1997 Winner Bart Barton

1997 Winner: Bart Barton

The man from Cumberland Furnace, Tennessee, survived the heat of the Hemingway Look-Alike competition and the steamy sidewalks outside Sloppy Joe’s Bar to become the coolest guy of all in 1997 when he won.
            
Born in Hart, Michigan, on April 1, 1934, Bart later worked with the Michigan State Police for ten years. Considering the always risky business of police work, Bart’s wife often pleaded, “You know, you’re going to get shot or something.”
 
Bart agreed, although he thought his likely demise on the job would be in a high-speed auto accident.
 
“I just loved to ride in those hot cars we had,” he said with all the bravado of a NASCAR throttle jockey.
 
The Bartons moved to Clearwater, Florida, when Bart switched careers to State Farm Insurance, adjusting claims in a bi-coastal barrage of the Sunshine State from Tampa to Daytona to West Palm Beach. He never forgot his first trip down through the Keys on the Old Overseas Highway.
 
“The lanes on the Seven Mile Bridge were only ten feet wide with no shoulders, and I had an eight-foot, tag-along trailer.

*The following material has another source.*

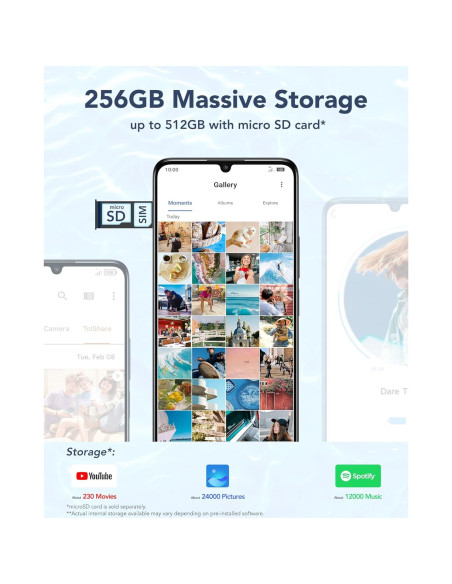 TCL 40XL 2023 Smartphone Desbloqueado 6GB 256GB 50MP Gris TCL 40XL 2023 Smartphone Desbloqueado 6GB 256GB 50MP Gris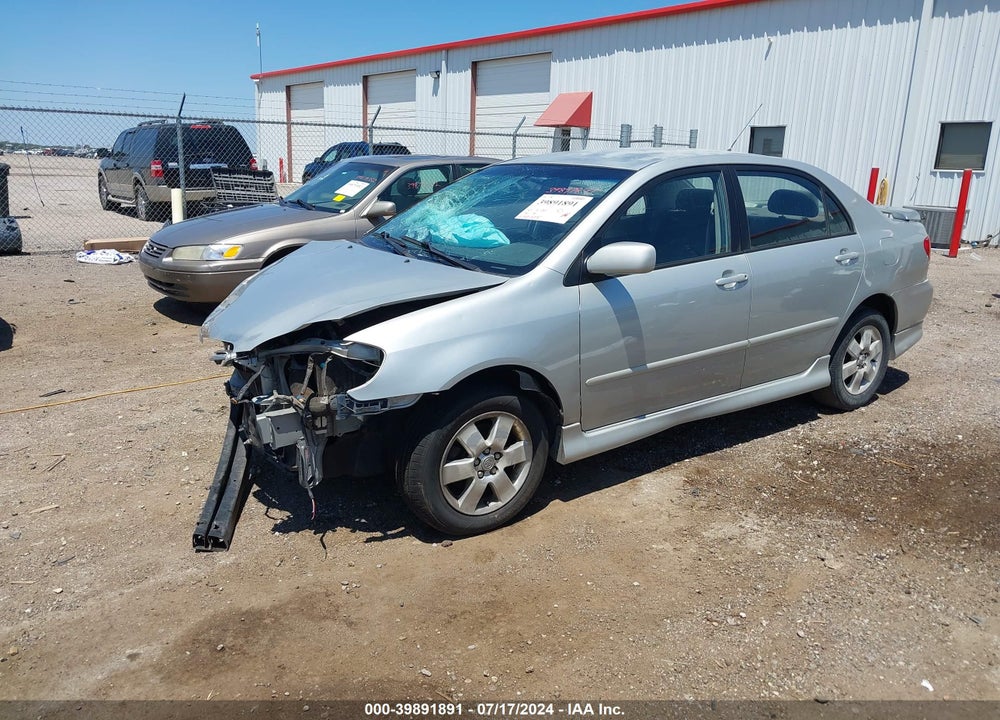 2003 TOYOTA COROLLA S VIN: 1NXBR32EX3Z001982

That didn’t leave much space on that very narrow, two-lane road―and then you’d meet a tractor-trailer truck coming straight at you in the middle of the bridge.

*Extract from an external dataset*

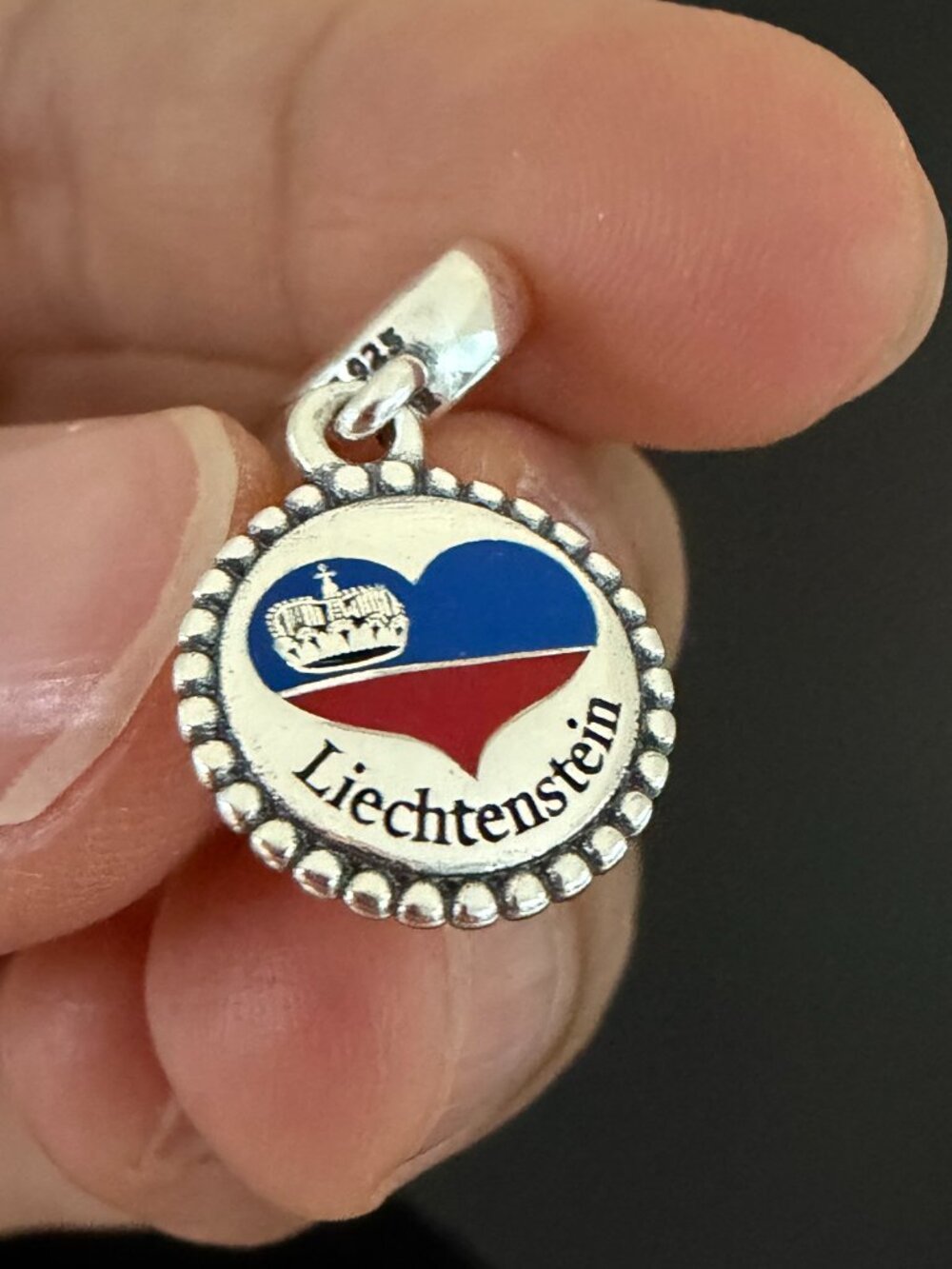 Pandora Liechtenstein Flag Exclusive Charm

The bridges Henry Flagler built almost 100 years ago for his Overseas Railroad―once called Flagler’s Folly―have been widened or supplanted. Key West has changed, too.
 
Bart recalls his first trip here in 1958.
 
“Back then, you could shoot a cannonball down Duval Street at noon and not hit a soul. Stores were empty, and nothing was in too good a shape.”
 
Bart also enjoyed a bird’s-eye perspective of the area, flying passengers out of Miami in a single-engine Cessna 172.
 
“We’d be over the ocean, and someone would say, ‘Look at that beautiful island. Can we see it any better?”
 
The accommodating aviator would bank the plane sharply, plunge down to 50 feet above the water, then skim the beach for the passengers, who began to have second thoughts about this aerial extravaganza. It’s not known if he had many repeat customers on Air Barton.
 
His nephew, Mike Osborne, finally prodded his uncle into the look-alike contest, predicting, “You’re a shoo-in. You look just like Ernest Hemingway.”
 
Bart entered.
 
After six years, he won.

“It wasn’t exactly a shoo-in.”
 
Unlike many other wannabes, winning wasn’t a life-or-death deal for him. “I enjoyed being there so much that I seldom ever thought about it that much. I was never really that disappointed when I didn’t win. I didn’t feel hurt or crushed or anything. I just liked the camaraderie with the guys and the general purpose of the whole thing; raising scholarship money and being part of it every year.”
 
Bart retired in 2001. He and his wife Cynthia, also known as the Tennessee Twosome, now spend more time traveling the back roads of America in an RV than they do at their Cumberland Furnace home on the banks of Big Barton’s Creek.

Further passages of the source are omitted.